_What this task involves_
Could you restate word for word the lines running from the one with "this 400×320 image." to the end of the data, both ends included, but without pictures?

_Annotated photo localization data_

'''

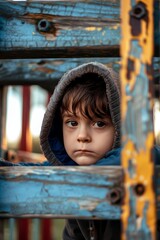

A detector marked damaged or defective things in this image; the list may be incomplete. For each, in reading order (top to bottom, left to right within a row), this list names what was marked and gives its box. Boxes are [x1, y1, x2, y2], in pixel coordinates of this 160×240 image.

rusty bolt [130, 2, 146, 19]
rusty bolt [107, 188, 123, 204]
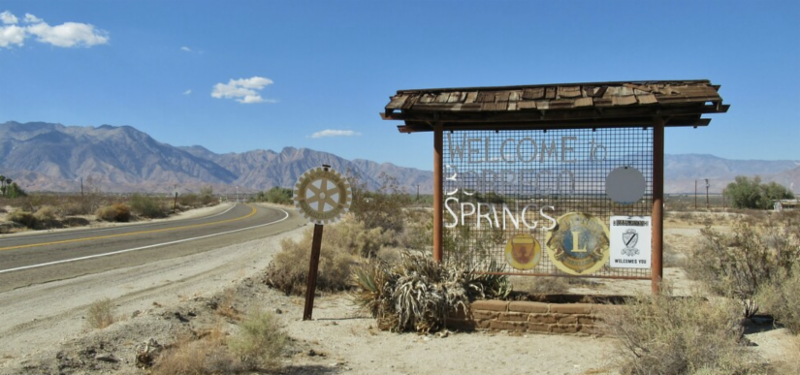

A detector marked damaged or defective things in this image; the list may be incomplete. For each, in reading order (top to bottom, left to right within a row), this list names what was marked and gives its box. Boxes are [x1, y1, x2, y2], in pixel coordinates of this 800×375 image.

rusted metal post [302, 225, 324, 322]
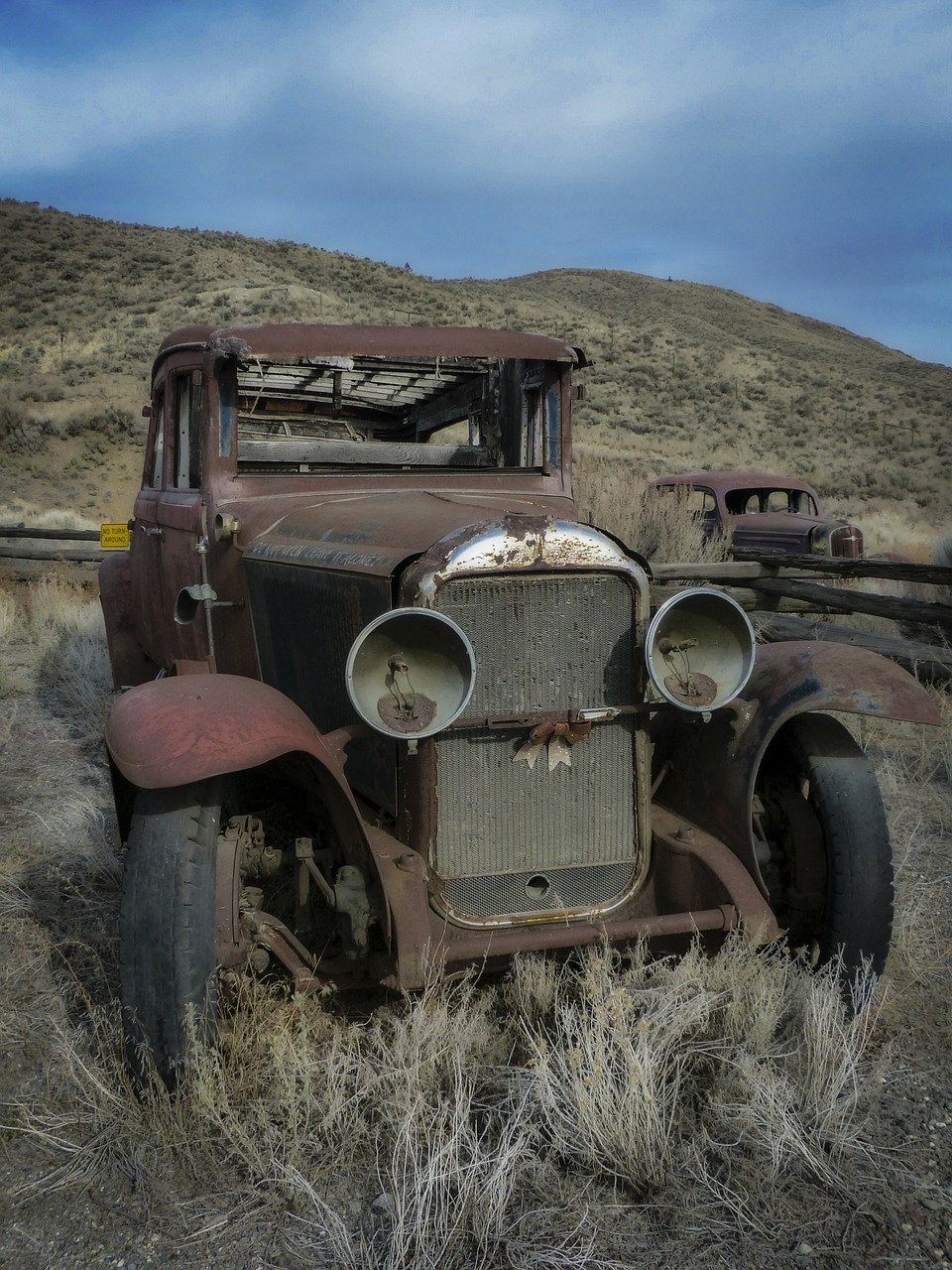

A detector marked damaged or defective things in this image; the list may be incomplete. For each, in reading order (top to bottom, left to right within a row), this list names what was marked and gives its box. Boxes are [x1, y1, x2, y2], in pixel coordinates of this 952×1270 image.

rusty hood [238, 488, 583, 579]
second abandoned vehicle [98, 321, 936, 1080]
rusted vintage truck [102, 321, 936, 1080]
abandoned car [102, 321, 936, 1080]
abandoned car [654, 472, 865, 556]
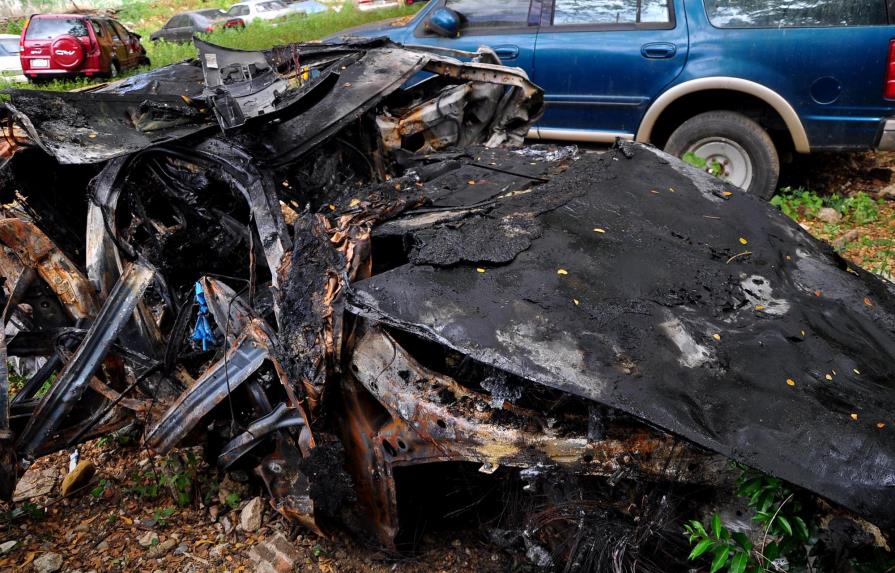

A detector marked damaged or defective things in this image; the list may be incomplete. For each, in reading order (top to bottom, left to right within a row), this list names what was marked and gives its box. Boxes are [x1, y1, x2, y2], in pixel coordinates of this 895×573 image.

charred metal sheet [16, 262, 158, 462]
destroyed car hood [348, 142, 895, 524]
charred metal sheet [348, 143, 895, 528]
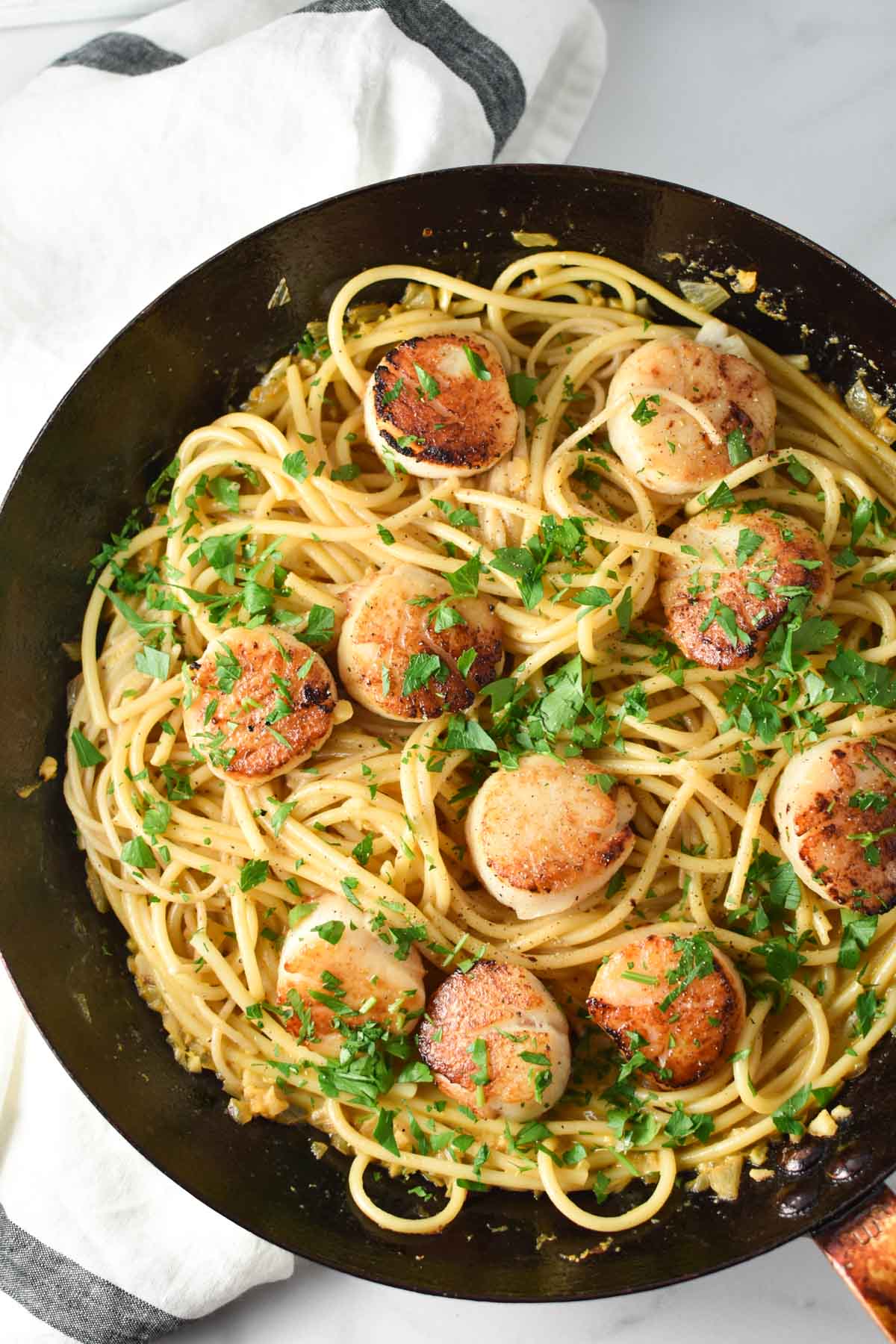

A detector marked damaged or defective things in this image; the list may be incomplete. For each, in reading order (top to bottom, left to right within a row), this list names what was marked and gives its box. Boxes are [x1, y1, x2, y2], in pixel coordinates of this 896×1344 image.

scallop with charred edge [365, 330, 518, 478]
scallop with charred edge [609, 336, 779, 500]
scallop with charred edge [184, 620, 338, 785]
scallop with charred edge [335, 559, 505, 720]
scallop with charred edge [658, 505, 833, 669]
scallop with charred edge [467, 753, 634, 919]
scallop with charred edge [774, 736, 892, 914]
scallop with charred edge [275, 892, 427, 1059]
scallop with charred edge [419, 962, 572, 1118]
scallop with charred edge [585, 935, 747, 1091]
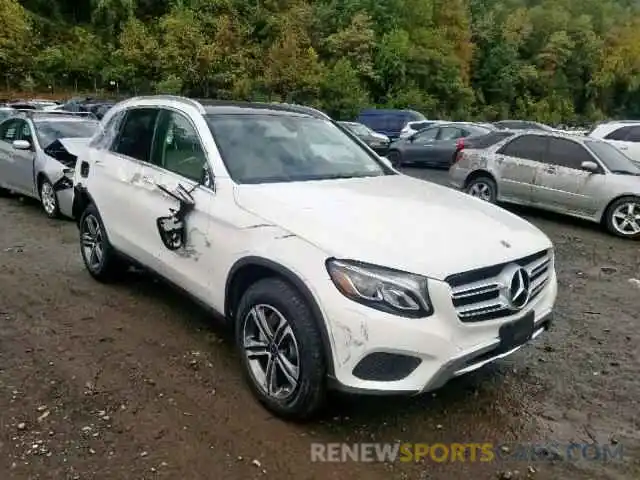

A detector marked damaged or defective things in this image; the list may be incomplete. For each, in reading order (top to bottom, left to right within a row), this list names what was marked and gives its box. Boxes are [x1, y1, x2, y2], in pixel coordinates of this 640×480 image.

wrecked vehicle [0, 110, 97, 218]
wrecked vehicle [72, 96, 556, 420]
broken headlight [328, 258, 432, 318]
crumpled hood [232, 173, 552, 280]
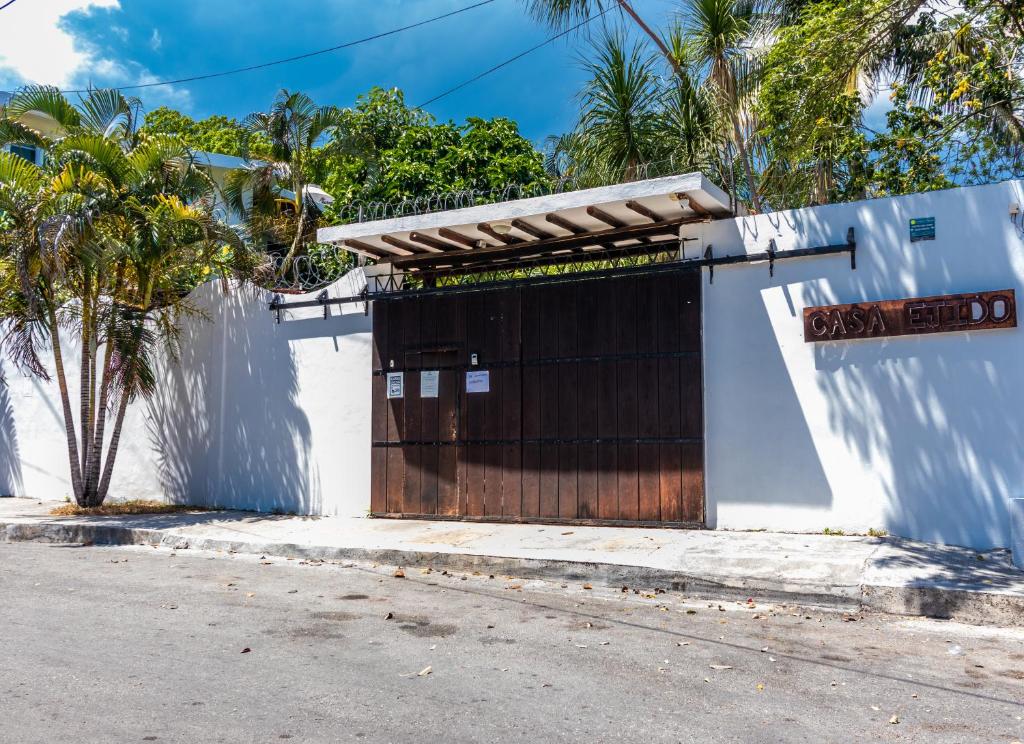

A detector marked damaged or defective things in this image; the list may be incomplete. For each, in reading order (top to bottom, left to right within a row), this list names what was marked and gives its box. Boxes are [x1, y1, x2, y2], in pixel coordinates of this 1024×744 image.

rusty metal sign [808, 290, 1016, 342]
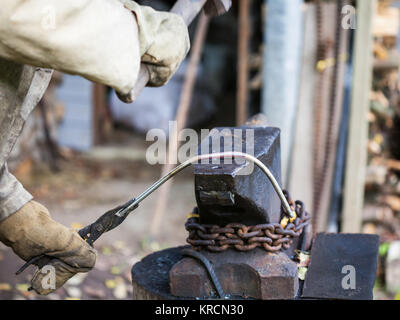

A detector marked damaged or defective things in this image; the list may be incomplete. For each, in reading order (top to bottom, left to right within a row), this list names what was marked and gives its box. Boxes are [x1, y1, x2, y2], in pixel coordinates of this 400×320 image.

rusty chain [186, 190, 310, 252]
rusted metal base [170, 248, 298, 300]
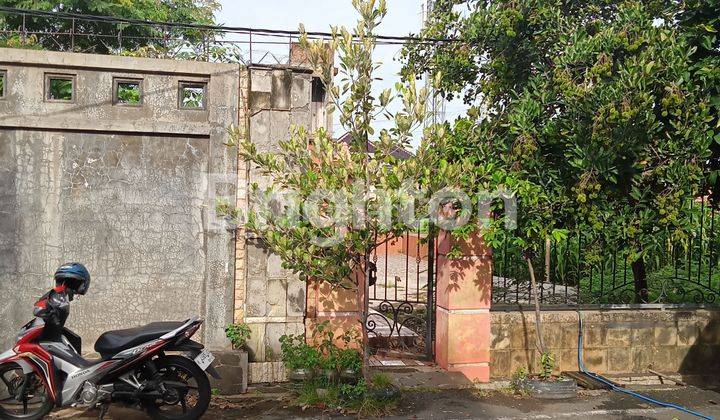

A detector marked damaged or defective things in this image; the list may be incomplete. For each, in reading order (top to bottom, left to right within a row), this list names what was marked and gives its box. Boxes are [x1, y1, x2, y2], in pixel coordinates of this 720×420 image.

cracked wall [0, 48, 242, 352]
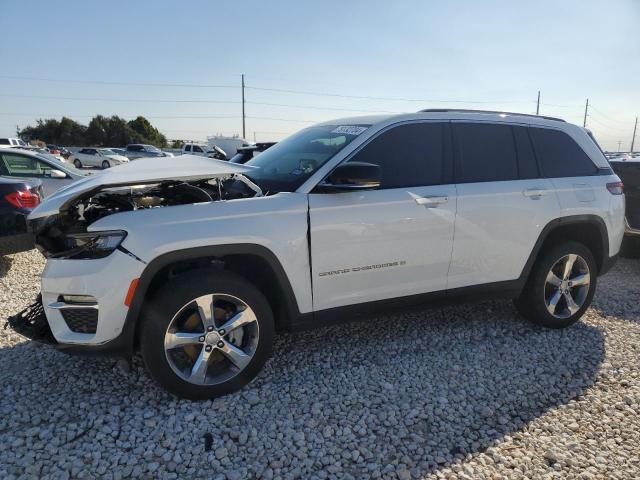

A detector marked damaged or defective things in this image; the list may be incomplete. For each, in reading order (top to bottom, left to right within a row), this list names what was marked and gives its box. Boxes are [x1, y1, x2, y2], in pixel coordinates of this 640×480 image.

crumpled front bumper [4, 294, 57, 346]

'''

_Solution to this task_
A detector marked damaged or defective things in this image; the list may be incomplete. For each, in reading order (top to bottom, left to right within a row), this list names what was marked and gives its box. Boxes are [x1, y1, x2, y2], in pixel coordinates of this 400×320 image.

rusty chain [186, 190, 310, 252]
rusted metal base [170, 248, 298, 300]

A detector marked damaged or defective things in this image; the list may be incomplete. For each, in reading order (top to bottom, left to right within a row), this list names what was marked and gives its box. Boxes are [x1, y1, x2, y2], in pixel coordinates of this 720×420 image.

cracked wall [0, 48, 242, 352]

A detector marked damaged or defective things in this image; the list may be incomplete. For each, in reading order (top to bottom, left to right within a row), this list names what was marked and gives its box. Boxes are [x1, y1, x2, y2], in pixel coordinates of this 640×480 image.

crumpled front bumper [4, 294, 57, 346]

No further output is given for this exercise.